My question is, how can I run 2 different "Execute SQL script" steps, so that they both run in one same session, not in 2 different?
In my transformation, I need to run one sql script at the very beginning of transformation process, to permit modifications on table. Then, I extract data from one database, manipulate them, and based on results I need to call some procedure (using another sql script) to update status of transformation in. I can't update status, if the first sql is not executed, and permission not granted.

Searches give me only 2 results:

  1. Select "unique connections" in transformations settings. This is not applicable, because it's available only in older versions of kettle.
  2. Select "make the transformation database transactional" - actually same thing as first one (new name of older property in new kettle). Seems like this is not actually what I want, because it doesn't work as I expect.
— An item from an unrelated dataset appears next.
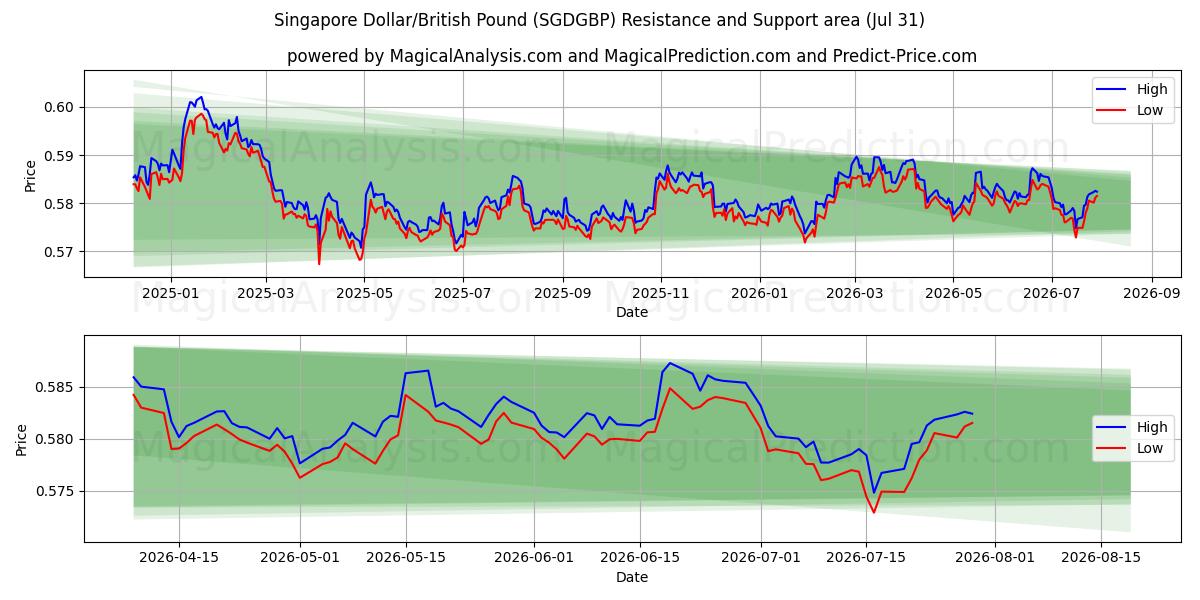  सिंगापुर डॉलर/ब्रिटिश पाउंड (SGDGBP) Support and Resistance area (30 Jul)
I'm working with Oracle database and kettle 5.1.0.

UPDATE:

enter image description here

In this picture, I have 2 "Execute SQL script" steps in sequence, blocked by appropriate steps. Seems like this scripts executed in 2 different database connections (sessions), so second one doesn't see the effect of first one.

2
Your picture is no longer available through this link. You can email it to me and I will insert it into your question. Could you explain what does not work as I expect means exactly?Marcus Rickert
I thought after running transformation using block steps, they'll run in sequence and SQL scripts will run in one session. Image is available through link @MarcusRickertNur4I

2 Answers

2
votes

Main point was at "Execute for each row?" option of "Execute SQL statement" step. This option slightly changes the behaviour of the step. Pentaho wiki for this step says "Select this option to execute the SQL for each incoming row. In this case paramters can be used. When this option is unchecked, the SQL statement is executed at the step initialization phase.". Exactly what I needed. But I'm wondering, why developers put 2 different functions into one option?

1
votes

I've gone through the same discovery process myself a while ago. Turns out, what you need is to define a job that runs two transformations. Within a transformations you can't guarantee sequential execution. A downstream step might start running before its "upstream" completed. If your transformation relies on external effects (such as modifications to an external SQL databases), you won't be able to achieve what you need in one transformation. Jobs allow you to completely control the order of the transformations they trigger.

These are the steps you need to take:

  1. Create a new job
  2. add a "start" (triangle) step
  3. add a "transformation" step. point it to a transformation whose only task is to enable write access in your db tables
  4. add a 2nd transformation step, point it to the transformation that manipulates the data and finally uploads it.
  5. connect using arrows the start to the 1st, then 1st to 2nd transformations.
  6. run the job :)